Her hand closes around my wrist. It is rough and callused from the mines, and leaves a red stain on my flesh.

"No," she says.

It angers me. I cannot say why. Likely she is barely conscious at this point. She is losing a great deal of blood. But it angers me all the same. And I carry out my will in a flash of blind fury, wrenching the blade loose so savagely that I reduce her chest to a ruin. Blood sprays the wall, and she flops back lifelessly, a husk with hollow eyes.

My breathing is ragged. Still too hot in here. Too stifling. Too much. I have to get out. I snatch up my wrappings, but… no. I need to feel cool air on my face. I strike the door with such force that I tear it from its hinges, bar and all. I rush through, tearing my gambeson loose, throwing it aside, falling to my knees. My sword lies beside me, sticky with blood.

The night air is cool. Not cold. Cold would be so much better. But at least it is cool. It is fresh. It helps me. I press my arms against my breastbone, feeling the rapid tattoo of my own heart. I am losing control. I try to examine my own distress, but I know what it must be. He came so close to making me his. For a moment, I quavered on the cusp of becoming one of the bleating sheep of this world, a mere host infested by his will. He almost made me doubt. I was a step away from being one of these mewling dogs…

"Oi." A dog approaches even now. I can hear his clumsy, hobnailed boots. "What the hell are you doing?" His steps hesitate. "Wait. Who are you?"

I raise my face, and I see his eyes widen in the dark. "Holy gods," he croaks.

I am past him before he can so much as grope for his weapon. His body collapses but his head flies in a long arc, landing close to the nearest campfire and rolling into the circle of light. There is a blank, confused stillness. Then the screaming begins.

At first I cut them down where they grovel and plead and struggle clumsily to rise. Blood coats my skin, peppers my eyes. It is hot and aggravating. It angers me, gives my blows force. But even as I rage, I am exalted. My anger is pure again, untempered by all the little failures and the minor concessions. I am myself once more, and the power of that self embraces me. It is glorious, transcendent. I move as if in a dream, and each crisp snap of my arm and my blade describes another perfect line in a deadly calligraphy.

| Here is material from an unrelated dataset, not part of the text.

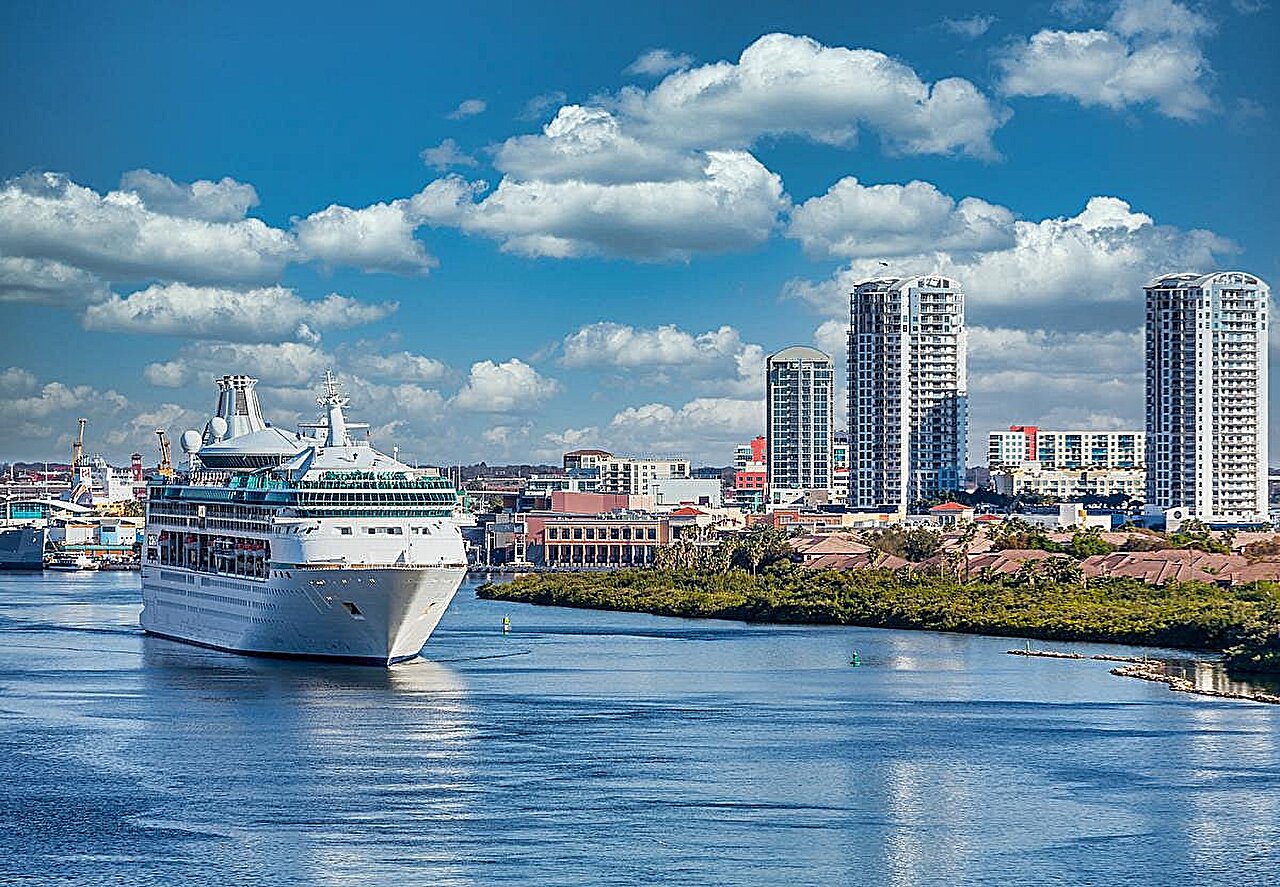 Beveik 100 ligų „Royal Caribbean“ laive su norovirusu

At length they begin to organize, begin to bare steel and crouch together. It does not matter. I leap through the darkness, appear amongst them in a rush, cut them down in a flurry of ecstatic motion that makes my muscles sing. Now they break and try to reform, but it is not my will that they should.

A man falls with a cloven skull, screeching and clawing at empty air. Another tries to flee past me, thinking me occupied. I turn into a low, smooth crouch, driving the point of blade into his crotch and wrenching it free in a spurt of arterial blood. His anguished sobs as he bleeds out play countermelody to the rhythm of my steps as I dash forward, catch a woman by her braid, and open her throat to the bone. She falls past me in a gibbering heap, obscene bubbles rising in the froth of her severed windpipe.

Another woman falls back before me, dropping her axe. "Please no!" she gasps. "Please! I'm pregnant. You can't! I'm pregnant!" She's lying, not that I care. I drive my sword's point through her open mouth and up into brain. Then I wrench it free with a twist, and yellowed teeth glitter in the firelight as they cascade into the dark.

A man rushes me, screaming to split the world. There are words in his howls, but they do not matter. I dance forward to meet him, lunging. He takes the blow well, knocking it aside with his shield, but his follow-up stroke is clumsy and slow, all the way from the shoulder. I slide beneath it and slit his gut open clean and smooth as a razor across a lush fruit. Milky pale guts gush forth steaming and bloody into his groping hands, and his howl changes its timbre. The noise offends me. As I pass, I impale a lung, drowning his breathy screeches in blood.

On and on it goes, until I sway drunkenly between strokes and every breath is searing agony in my lungs. It is perfect. It is my expiation for doubt, and each sweet lash of it envervates my spirit. I find it again, that place beyond calculation or doubt, between pleasure and pain and nothingness. From that lofty pinnacle I seem to see their shrieking, contorted faces from a dreamy distance. And I am become my will, unbound by earthly constraints, free to manifest the awful force of my rage upon the world directly. I am perfect again.

At last I turn from a final beheading stroke and lurch onto one knee, my sword's tip grating against gravel as I look around for the next of them. I find myself alone. The night is empty and there is a terrible silence. With no object, my bloodlust abandons me and in its echoing absence, my body begins to shake and shiver. I sag back onto my heels, wrapping impact-numbed fingers around the quillons of my sword as I gasp. My heart is hammering in my ears. I don't think I could stand if I tried.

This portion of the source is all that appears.